我在調試過程發現計算kv 時,取代v成v/64,z變成z*64,epsilon=1e-3可以避免float16數值爆掉,而數式上是等價的,只是分子分母各自倍大了 另外也發現你把原本q_norm, k_norm乘成q和k,好像是沒有分別的,等同分子分母一同倍大。
以下是我逐行簡化,保留了你們的想法,也為了加速減少了許多
class SimplifiedFocusedLinearAttention(nn.Module):
def __init__(self, dim, num_heads):
super().__init__()
assert dim % num_heads == 0, f"dim {dim} should be divided by num_heads {num_heads}."
self.dim = dim
self.num_heads = num_heads
self.head_dim = dim // num_heads
self.gen_qkv = nn.Conv1d(dim, dim*3, 1, bias=False)

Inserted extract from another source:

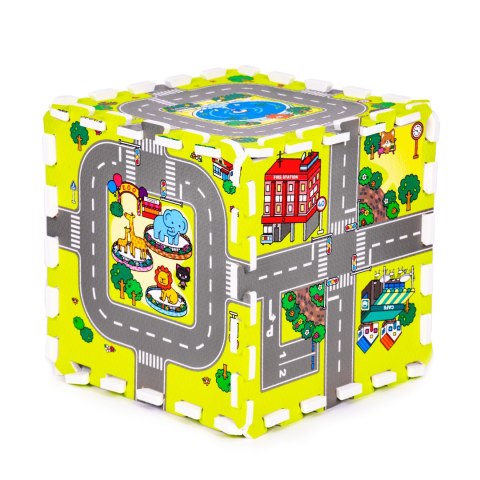 Mata Piankowa Dla Dzieci Puzzle IPLAY 9 Elementów Miasteczko 90,5x90,5 cm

self.proj = nn.Conv1d(dim, dim, 1, bias=False)
def forward(self, x): # 輸入形狀是B, C, N,由圖像B, C, H, W變成,為了速度不作transpose
B, _, N = x.shape
qkv = self.gen_qkv(x)
qkv.relu_() # 改成 qkv都有非線性,因為下面我直接加v
q, k, v = torch.split(qkv, self.dim, 1) # k: (b, c, n) v: (b, c, n)
# 只能用二次方,三次方怕爆炸
# 這樣的話,有點像Squared ReLU
q = f.normalize(q.square())
k = f.normalize(k.square())
q = q.reshape((-1, self.head_dim, N))
k = k.reshape((-1, self.head_dim, N))
v = v.reshape((-1, self.head_dim, N))
z = (q.transpose(1,2) @ k.sum(dim=-1)[...,None])[...,0] + 1e-3
z = z.reciprocal().mul(64) # 平衡乘法 1e3 * 64 < 65504 (float16極限)
kv = (v/64) @ k.transpose(1,2) # 避免 kv 爆炸
x = kv @ q * z[:,None,:] + v # 改成加v而已
x = x.reshape((B, -1, N))
x = self.proj(x)
return x
Hi @nviwch, thank you again for your thoughtful attention to our work. It's worth noting that while reducing v by 64 times and increasing z by 64 times is equivalent to the original operation, omitting q_norm and k_norm introduces a distinction. This is because q_norm and k_norm is not a scalar, but a tensor representing the norm of each q and k. Our prior experiments indicated that forgoing these norms could potentially result in a decline in performance.
Hi @nviwch, we have fixed the numerical instability problem, and now the models can be trained with float16.
When I plug in FocusedLinearAttention and try to train in mixed precision. It got nan from the start. I found that the Denominator of z and the value of kv are quite large. It can easily explode in float16.
Another question, have you tried identity/convolution instead of depthwise convolution in the attention block?